Four U.S. citizens and a Ukrainian have pleaded guilty to participating in criminal schemes aimed at generating funds for North Korean arms development, the Department of Justice announced on Friday. Photo by KCNA/EPA-EFE
Nov. 14 (UPI) — Four U.S. citizens and a Ukrainian pleaded guilty to participating in North Korean internet technology worker and virtual currency theft schemes.
The Department of Justice announced the guilty pleas on Friday for the illegal schemes that generated funding for North Korea’s armaments program and other uses at various times, from 2019 to 2024.
“Facilitators in the United States and Ukraine assisted North Korean actors with obtaining remote IT employment with U.S. companies,” the DOJ said.
“The facilitators provided their own, false or stolen identities and hosted U.S. victim company-provided laptops at residences across the United States to create the false appearance that the IT workers were working domestically.”
The DOJ said the employment schemes affected at least 136 U.S. companies and used the identities of more than 18 U.S. citizens or legal residents to generate more than $2.2 million for the North Korean government.
The three U.S. defendants who pleaded guilty are Audricus Phagnasay, 24; Jason Salazar, 30; and Alexander Paul Travis, 34, all of whom entered their guilty pleas in the U.S. District Court for Southern Georgia.
The three pleaded guilty to providing U.S. identities to those who are located outside of the United States to enable them to obtain remote work with U.S. firms in exchange for between $3,450 and $51,397 in compensation.
Salazar and Travis at times completed drug testing on behalf of the overseas individuals.
The three defendants also kept laptops at their homes to make it look like the foreign individuals were located in the United States.
The IT worker scheme generated about $1.28 million in pay for the overseas workers.
Erick Ntekereze Prince, 30, also pleaded guilty to a conspiracy to commit wire fraud charge in the U.S. District Court for Southern Florida on Nov. 6.

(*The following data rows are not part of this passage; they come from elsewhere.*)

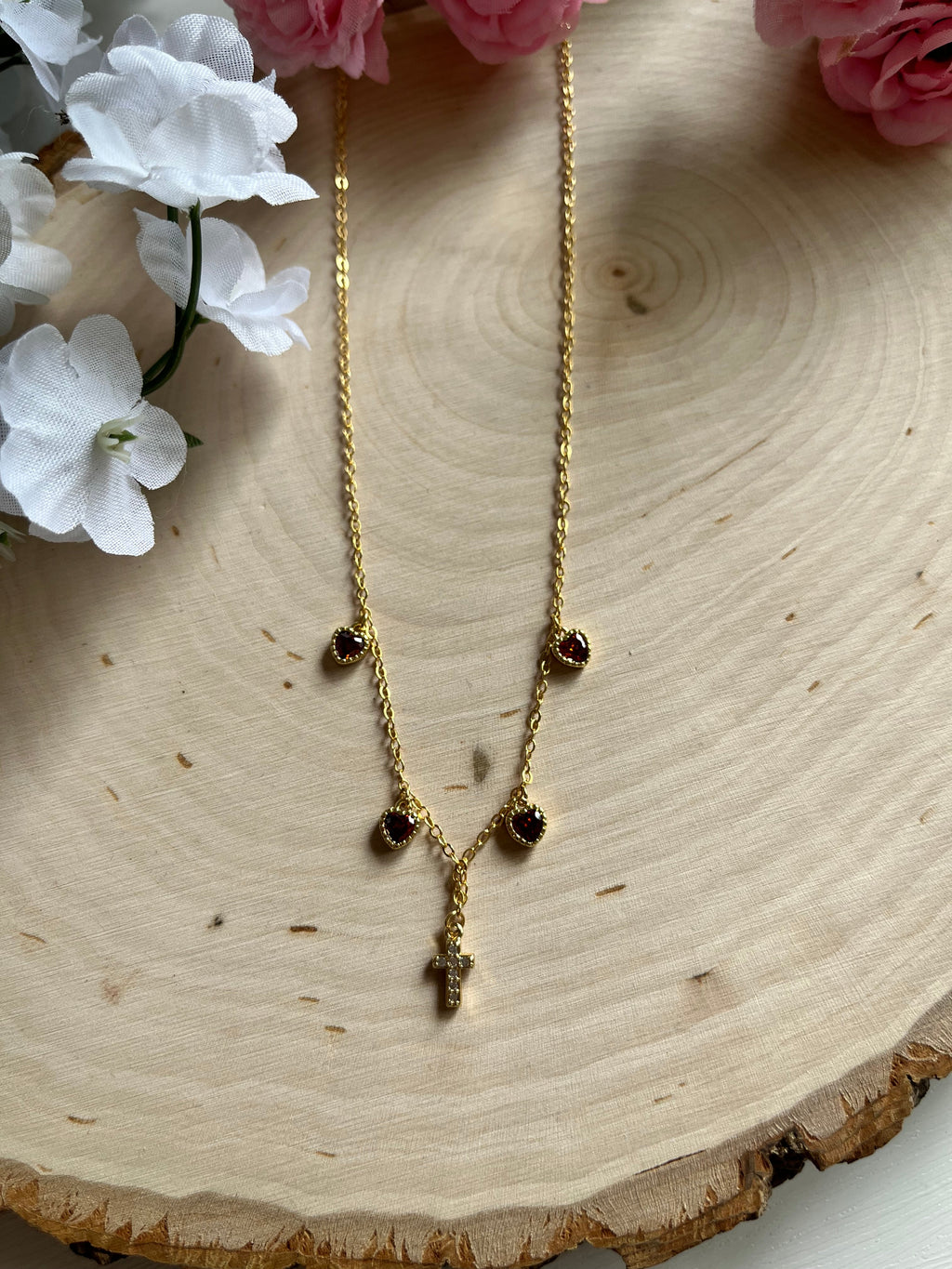 Gold charm necklace with red heart stones and gold cross pendant, top view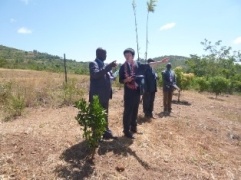 Mr. Yamana touring the current school facilities with Head Teacher and Chairman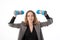 A middle-aged business woman in a jacket holds dumbbells. Workout, physical activity for the busy concept. Isolated on a white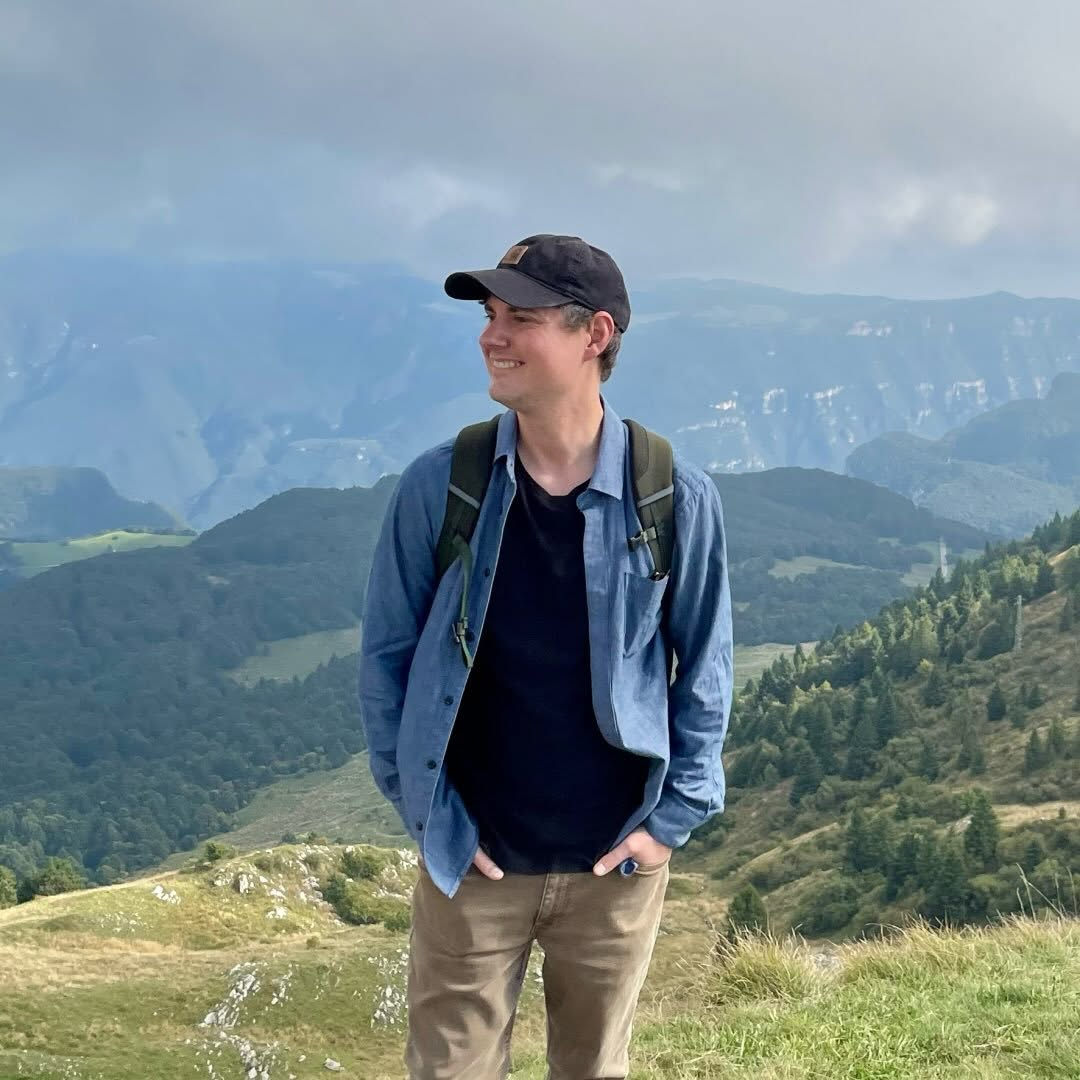 Ben Stuart standing at a mountain overlook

Federal prosecutors said Prince used his company Taggcar Inc. to contract and supply overseas IT workers to U.S. firms by misrepresenting them as U.S.-based workers.
He also hosted laptops at several Florida residences and installed remote-access software to make it look like the overseas workers were working from locations in Florida.
Prince was paid more than $89,000 for his participation in the scheme, according to the DOJ.
Ukrainian Oleksander Didenky also pleaded guilty to conspiracy to commit wire fraud and aggravated identity theft in the U.S.District Court for the District of Columbia.
He agreed to forfeit $1.4 million for helping North Korean and other IT workers to get jobs at 40 U.S. companies.
A North Korean military hacking group identified as Advanced Persistent Threat 38 also carried out virtual currency heists totaling millions of dollars in value in 2023 while targeting four overseas platforms, according to the DOJ.
“While APT38 actors continued to launder their ill-gotten gains for these heists, the U.S. government froze and seized more than $15million worth of virtual currency that it now seeks to forfeit for eventual return to their rightful owners,” the DOJ said.
The criminal activities arise from the North Korean government’s efforts to evade U.S. sanctions and generate millions of dollars to help fund its weapons programs, including nuclear arms development, said Roman Rozhavsky, assistant director of the FBI’s Counterintelligence Division.
“These guilty pleas send a clear message: No matter who or where you are, if you support North Korea’s efforts to victimize U.S. businesses and citizens, the FBI will find you and bring you to justice,” Rozhavsky said.
“We will ask all our private sector partners to improve their security process for vetting remote workers and to remain vigilant regarding this emerging threat,” he added.